Volendo esprimere uno sguardo sintetico, è lecito affermare che il Concilio Vaticano II non solo fu la prima ed organica risposta della Chiesa alle sfide della modernità, ma che addirittura, nella potenza dello Spirito, la comunità ecclesiale riuscì a formulare una proposta talmente coraggiosa da prendere in contropiede sia i clericali sia i laicisti, risolvendo il contenzioso accumulatosi nell’epoca moderna (e i suoi penosi divorzi tra Dio e uomo, fede e ragione, Vangelo e cultura, etica e tecnica), grazie ad una sorta di rivoluzione copernicana operata nella concezione della Chiesa, del mondo, e dei rapporti tra queste due realtà.
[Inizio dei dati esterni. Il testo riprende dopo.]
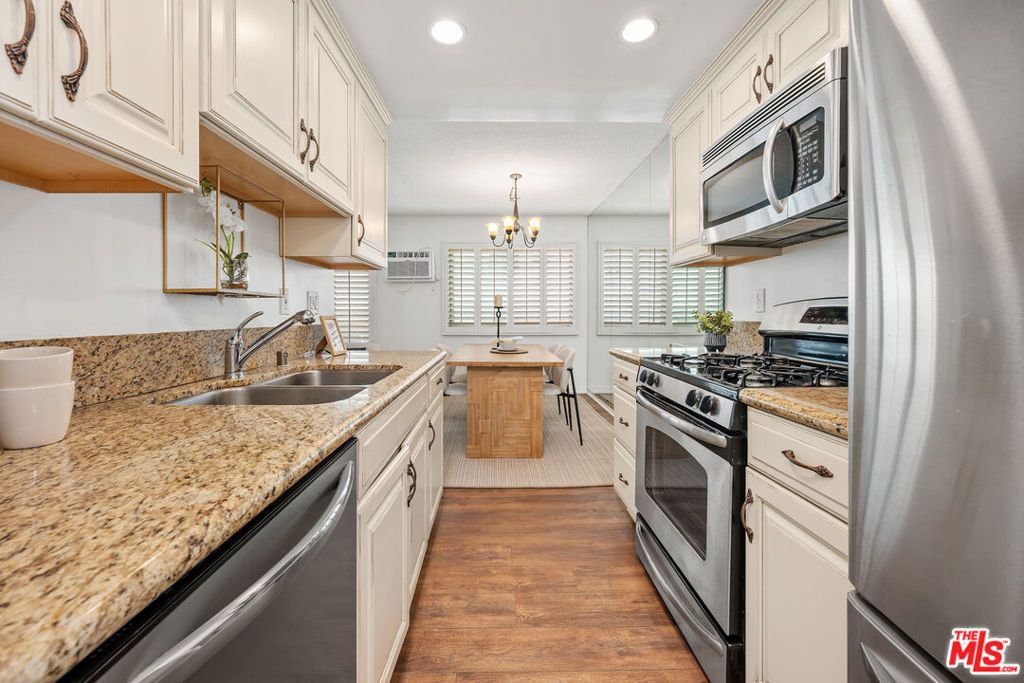 Image 11 of property listing at 1951 Malcolm Avenue 206, Los Angeles, CA 90025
I rapporti Chiesa-mondo non furono visti solo in termini di ostilità. La Gaudium et Spes, in particolare, depone l’atteggiamento di sola condanna e assume una linea di discernimento, vedendo anche il positivo, i semina Verbi, impegnandosi a svilupparli, contrastando le tossine dell’anticristo, collaborando con gli uomini di buona volontà alla costruzione di un mondo migliore. La storia della salvezza non è accanto o contrapposta alla storia degli uomini, ma la pervade tutta. Quest’ultima è luogo teologico. Il Regno di Dio, già seminato nella storia umana, va aiutato ad espandersi, pur tra i mille condizionamenti degli egoismi e delle strutture di peccato.
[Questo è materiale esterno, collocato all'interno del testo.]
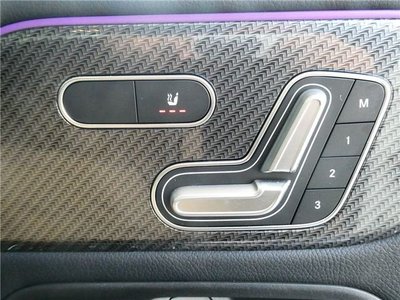 2025 Mercedes-BENZ GLB thumbnail 29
Pensando alla figura di sua Ecc. Mons. Salvatore Baldassarri è senza dubbio importante ricostruirla in tutto il suo spessore, come è stato ben fatto, ma credo sia anche decisivo considerarne l’attualità. Sono senz’altro cruciali per noi, che siamo posti in uno scenario socio-culturale multireligioso e multiculturale, accentuato dal fenomeno delle migrazioni, le sue riflessioni sul tema del dialogo (cf Lettere dal Concilio, pp. 65-66) e della libertà religiosa (cf Lettere dal Concilio, p. 71). Per quanto concerne il dialogo ecumenico, quale via alla civiltà dell’incontro, tornano utili anche le recenti indicazioni offerte da papa Francesco nel suo Discorso di Presentazione degli auguri della Curia romana (Sala Clementina, 21 dicembre 2017): «Il dialogo – afferma il pontefice – è costruito su tre orientamenti fondamentali: il dovere dell’identità, il coraggio dell’alterità e la sincerità delle intenzioni. Il dovere dell’identità, perché non si può imbastire un dialogo vero sull’ambiguità o sul sacrificare il bene per compiacere l’altro; il coraggio dell’alterità, perché chi è differente da me, culturalmente o religiosamente, non va visto e trattato come un nemico, ma accolto come un compagno di strada, nella genuina convinzione che il bene di ciascuno risiede nel bene di tutti; la sincerità delle intenzioni, perché il dialogo, in quanto espressione autentica dell’umano, non è una strategia per realizzare secondi fini, ma una via di verità, che merita di essere pazientemente intrapresa per trasformare la competizione in collaborazione».

Con riferimento al riconoscimento del diritto alla libertà religiosa di ogni persona, credente o non credente, è giusto ribadire ancora oggi che ciò non significa accettare una specie di relativismo religioso o morale, quanto piuttosto che nessuno può essere costretto da uno Stato ad accettare questa o quella religione, fosse anche la migliore.

S. Ecc. Mons. Salvatore Baldassarri lo dobbiamo ricordare ed imitare per la sua tenacia e il coraggio, per la sua ampia cultura e per la sua obbedienza alla Chiesa.